───── Input data

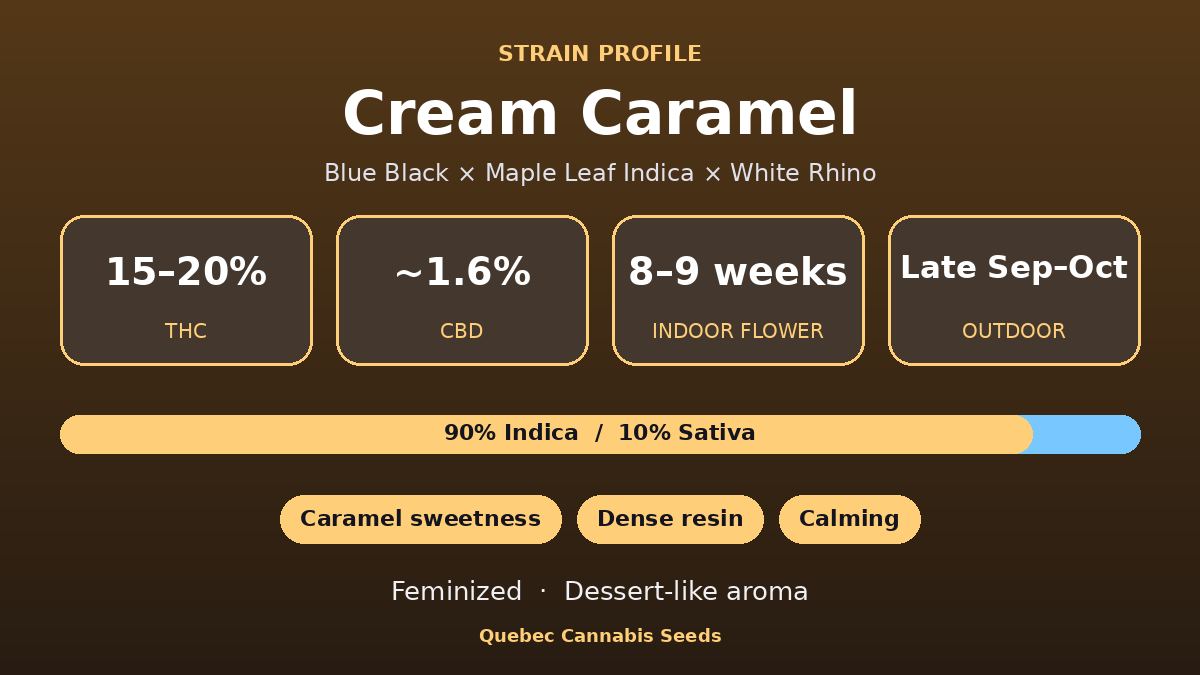 Cream Caramel strain profile: 15 to 20% THC, 8 to 9 weeks indoor flowering, 90% indica
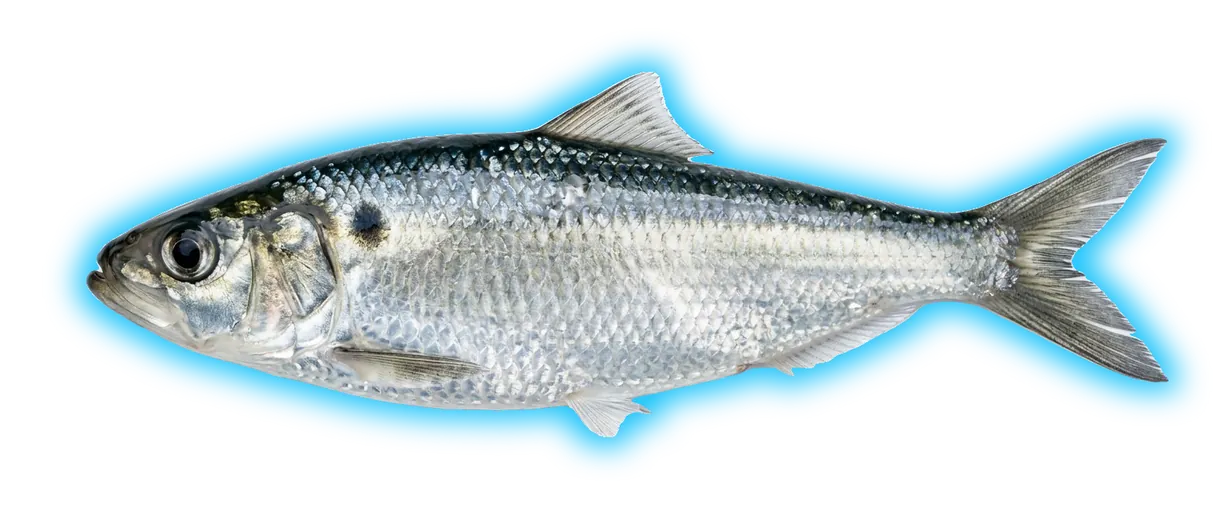 Alewife (Alosa pseudoharengus)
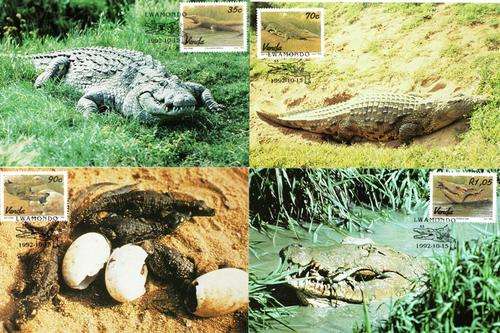 Venda - 1992 Crocodile Farming Maxi Card Set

──────────

_Task to complete_.
Omit pictures; set down the rest of the material word for word.

_Worked solution_.
 Cream Caramel strain profile: 15 to 20% THC, 8 to 9 weeks indoor flowering, 90% indica
 Alewife (Alosa pseudoharengus)
 Venda - 1992 Crocodile Farming Maxi Card Set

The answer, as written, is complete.